On October 26, 2010, we entered into a purchase agreement with Merrill Lynch, Pierce, Fenner &
Smith Incorporated and Morgan Stanley & Co. Incorporated, as representatives of the several
underwriters named in Schedule A thereto, in connection with the offer and sale by us of 80,000,000
of our common shares of beneficial interest, par value $0.01 per share, at a price of $12.30 per
share. We granted the underwriters an option to purchase up to 12,000,000 additional common shares
to cover over-allotments, which the underwriters exercised in full on October 27, 2010. We expect
to receive net proceeds from this offering of approximately $1.1 billion after deducting
underwriting discounts and commissions and estimated transaction expenses payable by us. The shares
are being offered and sold under a prospectus supplement and related prospectus filed with the U.S.
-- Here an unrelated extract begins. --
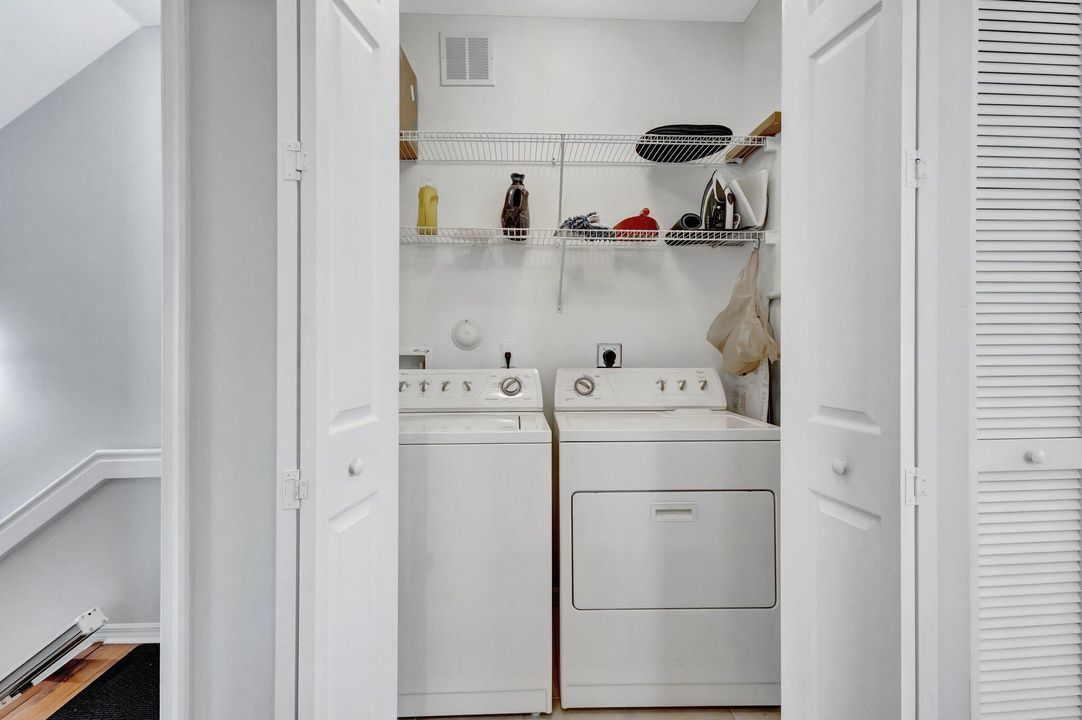 出租: $3,500 (3 贝兹, 2 浴室, 2163 平方英尺)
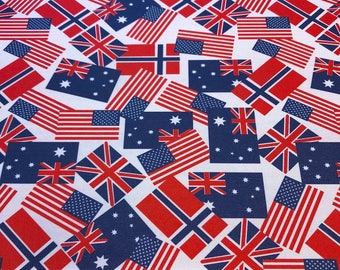 以下が含まれることがあります： 様々な旗が繰り返しパターンで描かれた白い布。アメリカ国旗、オーストラリア国旗、イギリス国旗、ノルウェー国旗が含まれています。旗はすべて異なるサイズと向きです。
Securities and Exchange Commission pursuant to our shelf registration statement on Form S-3 (File
No. 333-157818). The offering is scheduled to close on November 1, 2010, subject to specified
closing conditions. A copy of the purchase agreement is attached as Exhibit 1.1 to this Current
Report on Form 8-K and is incorporated herein by reference.
In connection with the filing of the underwriting agreement, we are filing as Exhibit 5.1 hereto an
opinion of our counsel, Mayer Brown LLP.
Item 9.01. Financial Statements and Exhibits.
(d) Exhibits. The following documents have been filed as exhibits to this report and
are incorporated by reference herein as described above.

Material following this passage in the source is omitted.